■ **Instructions for the task**
Copy exactly the line containing "电子商务服务站简介(电子商务服务点)" and all the lines that follow it to the end of the records, minus the pictures.
The data Start Marker
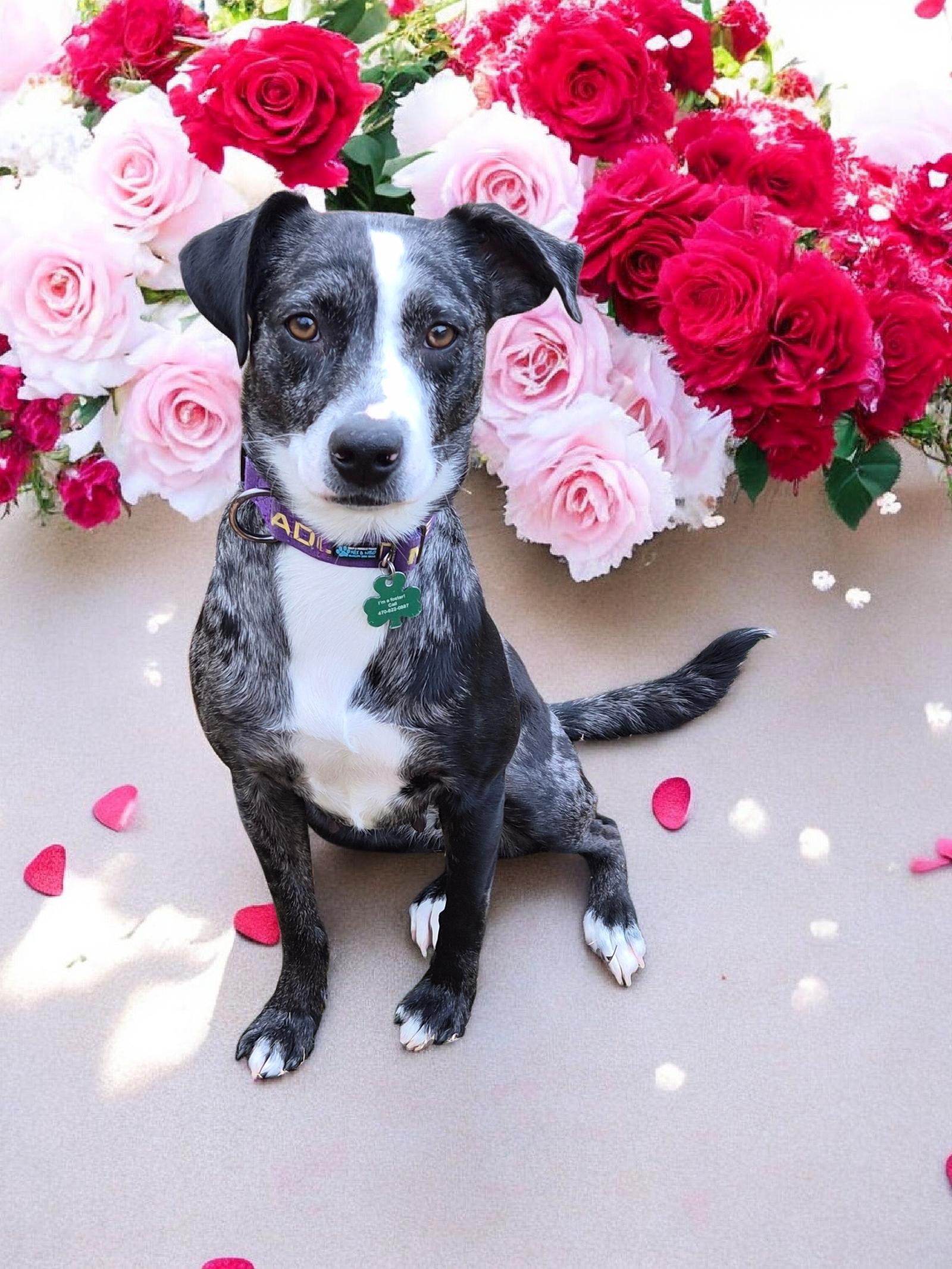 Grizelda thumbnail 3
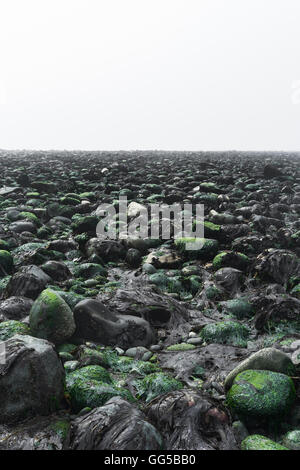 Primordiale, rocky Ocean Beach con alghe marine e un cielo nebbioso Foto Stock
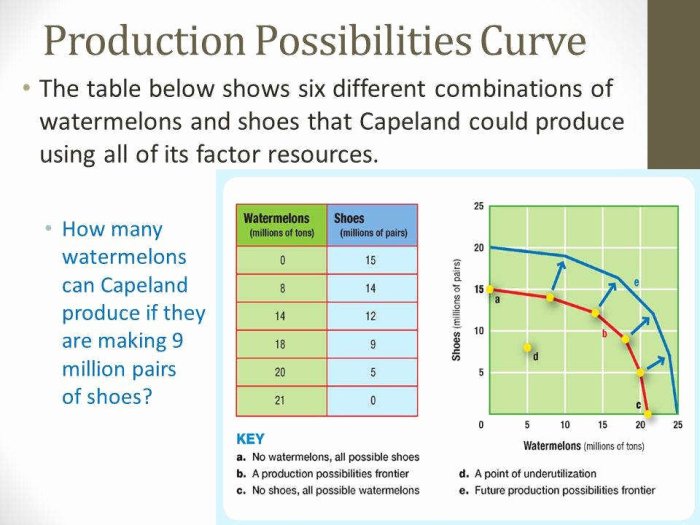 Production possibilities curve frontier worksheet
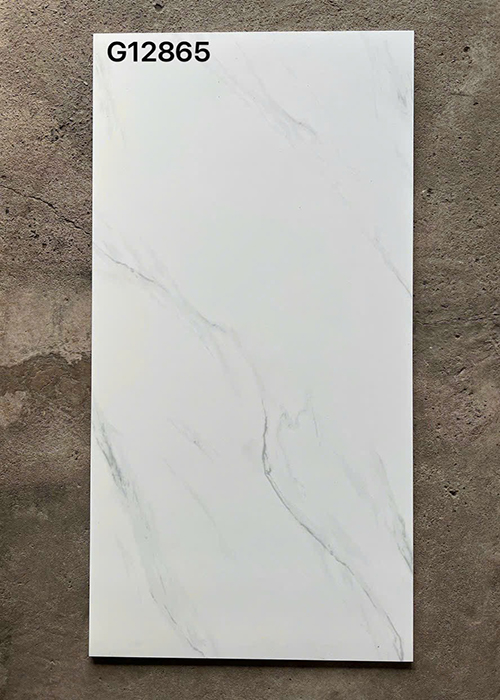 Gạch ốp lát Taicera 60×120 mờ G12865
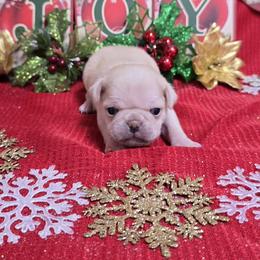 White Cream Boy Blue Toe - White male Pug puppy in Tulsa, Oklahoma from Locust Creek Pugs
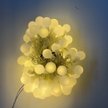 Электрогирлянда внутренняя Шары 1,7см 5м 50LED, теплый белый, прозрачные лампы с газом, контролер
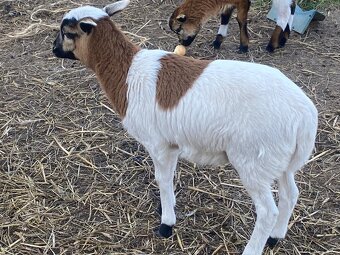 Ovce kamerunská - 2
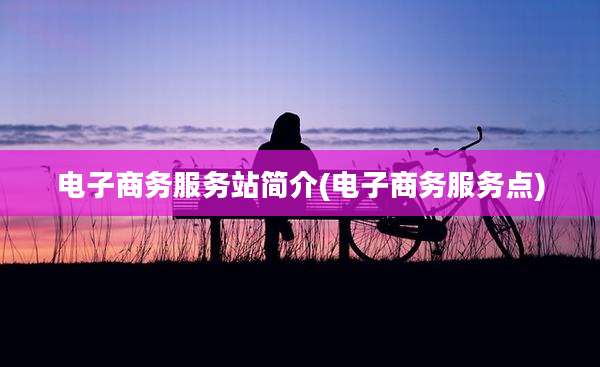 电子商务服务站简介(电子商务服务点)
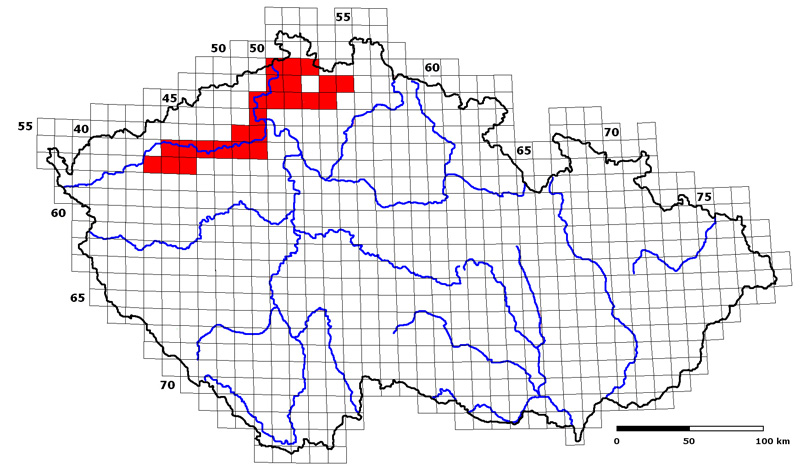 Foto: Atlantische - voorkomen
The data End Marker
■ **Exercise output**
 电子商务服务站简介(电子商务服务点)
 Foto: Atlantische - voorkomen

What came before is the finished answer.